Coronavirus: Impact on Italy’s E-commerce Product Availability and Prices

This article is part of a series on COVID-19 focusing on how the outbreak is affecting industries. Please note the selected goods data used is through 23 February 2020.

COVID-19 first manifested itself in Italy on 30 January 2020, when two tourists from China tested positive for the virus. Even though the country immediately imposed a ban on flights from China, COVID-19 quickly spread to the north of the country, with the first 16 cases reported on 21 February, making Italy the most affected country in Europe. In order to contain the infection, 11 towns in the Lombardy and Veneto regions were placed under quarantine on 23 February.
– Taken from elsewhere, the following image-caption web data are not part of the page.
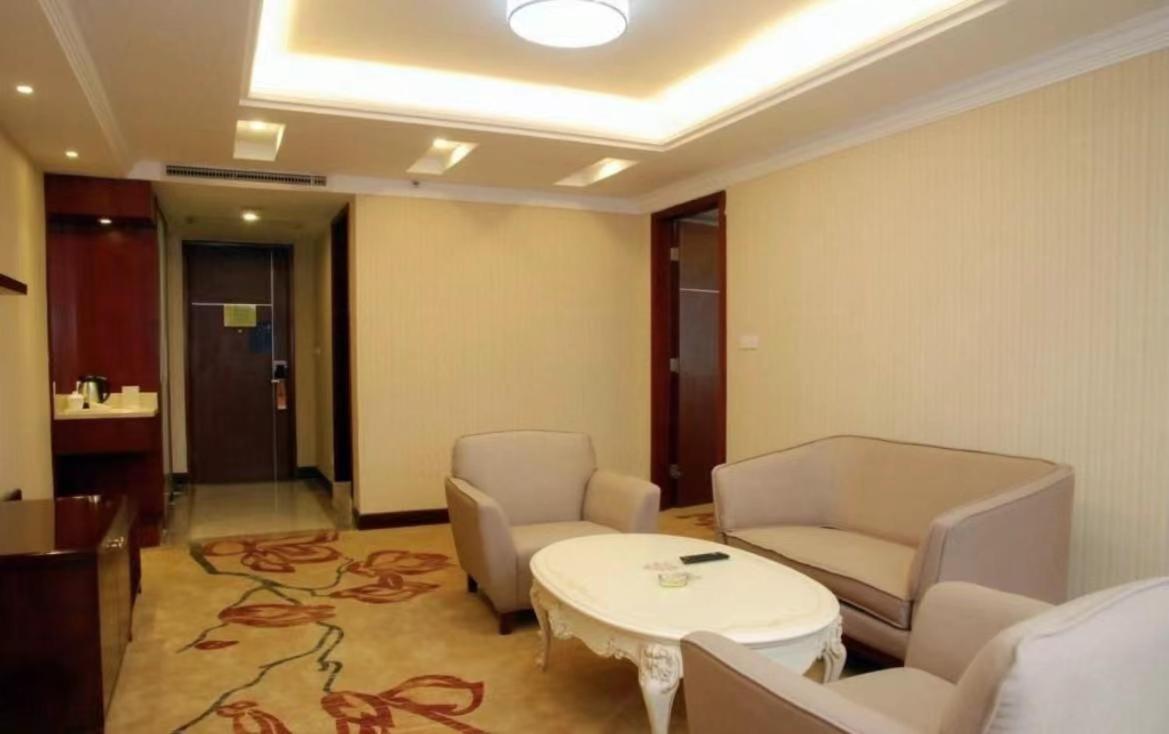 Vienna Hotel (Dongguan Houjie Convention and Exhibition Center) 65/75
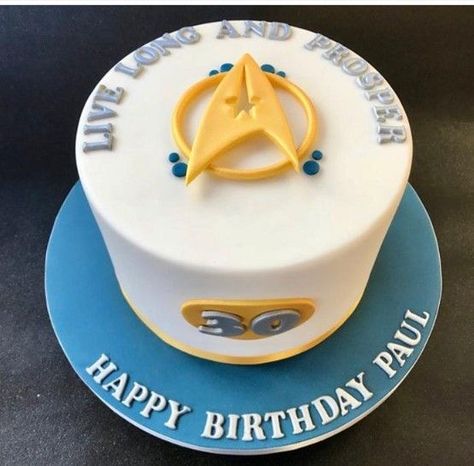 Star Trek Cake, Star Trek Birthday, Fantasy Cake, Star Wars Cake, 40th Birthday Cakes, Simple Cake, Special Occasion Cakes, Pretty Birthday Cakes, Grooms Cake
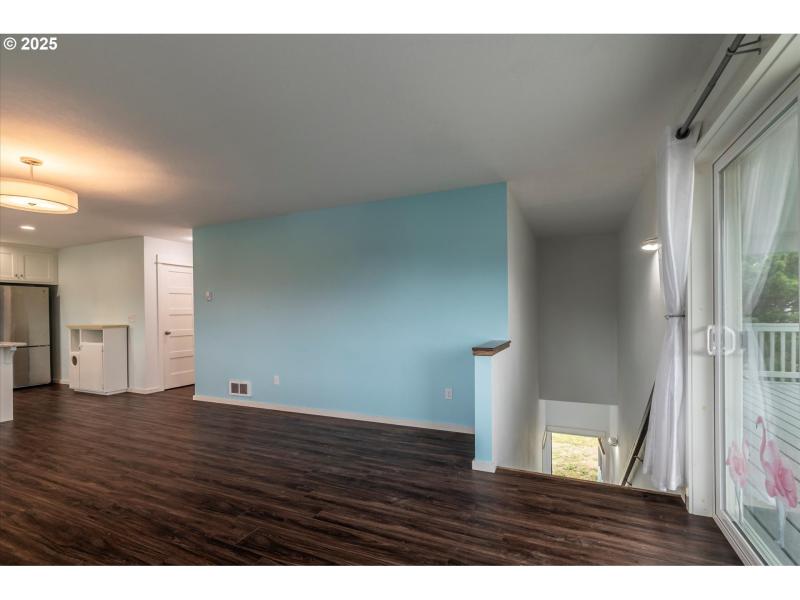 Living Room/Entrance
E-commerce websites coming under pressure

According to Euromonitor International’s new global e-commerce product and price monitoring platform, Via, from the beginning of February 2020, some – but not all – of the selected product categories began to see small to moderate increases in online out of stock levels. Even though the government did not begin to take aggressive measures to control the spread of COVID-19 until the end of the month, Italian shoppers began to buy more of certain products as soon as it became clear that the virus had arrived in Italy.

Source: Euromonitor Via (1 January – 23 February 2020)

Initial fears of running out of food pushed up sales – as well as online out of stock levels -– for non-perishable food items. Most notably, shelf-stable processed red meat saw its percentage of out of stock items increase from 2.38% at the beginning of the year to 14.29% on 16 February, before falling the following week.

Of non-consumables, non-recycled toilet paper showed a similar pattern to shelf-stable processed red meat as Italian consumers began to stock up on household essentials. The category’s out of stock percentage grew from 2.83% on 5 January to 6.29% on 2 February. While online availability began to improve from 9 February, out of stock levels remained higher at the end of February compared to the beginning of January. All-purpose cleaning wipes also saw a marked increase in online out of stock percentages during the week of 9 February as home hygiene became more important, but bleach remained readily available.

In addition, mobility restrictions and consumers’ desire to avoid as much human contact as possible have led to a general increase in online shopping. As buying groceries online is still not very popular in Italy compared to other European markets, this sudden increase in demand has put pressure on local e-commerce platforms’ ability to fulfill orders.

Growing concerns and uncertainty lead to price nervousness in Italy

As a result of the sudden increase in online shopping and consumers beginning to stock up on non-perishable and essential goods, the median category online prices fluctuated significantly between 1 January and 23 February. For example, the online price of shelf-stable processed red meat experienced notable swings that are closely linked to online availability. As seen in the chart below, median category prices increased from 1 to 9 February alongside a slight increase in online out of stock levels. After falling quickly between 9 and 12 February, median online prices surged to USD8.30 on 14 February, mirroring a similar spike in online out of stock percentages.

Source: Euromonitor Via (1 January – 23 February 2020)

Online price volatility for shelf-stable processed red meat is further underscored by a notable 42.4% difference between the minimum and maximum median category price between 1 January and 23 February 2020. Median online prices for other categories related to COVID-19 preparation and prevention have shown similarly dramatic fluctuations over this same period. For example, home sanitizing and disinfectant products for objects and surfaces experienced strong demand as consumers looked to create a safe and hygienic environment at home. Hence, the 26.1% and 30.1% differences between minimum and maximum median prices for all-purpose cleaning wipes and bleach respectively.

Liquid soap has also been in high demand as hand washing has become a priority to avoid infection. In fact, all product categories under review saw double-digit differences between minimum and maximum median prices between 1 January and 23 February 2020, with further price volatility expected as Italian consumers and e-commerce players face a growing public health crisis.

Source: Euromonitor Via (1 January – 23 February 2020)

Next steps for Italy

While the time period examined in this analysis was just before Italy began its regional and then national quarantine, notable movements in e-commerce product availability and prices through to 23 February 2020 still indicate the impact of the early stages of the COVID-19 outbreak on selected consumer goods. With the entire country now under quarantine, online grocery shopping, which in Italy is still small compared to bricks and mortar independents and grocery chains, is experiencing a sudden boom. In future analysis, the online availability and prices of similar products will be examined to showcase the continued impact the outbreak is having on the Italian consumer goods market.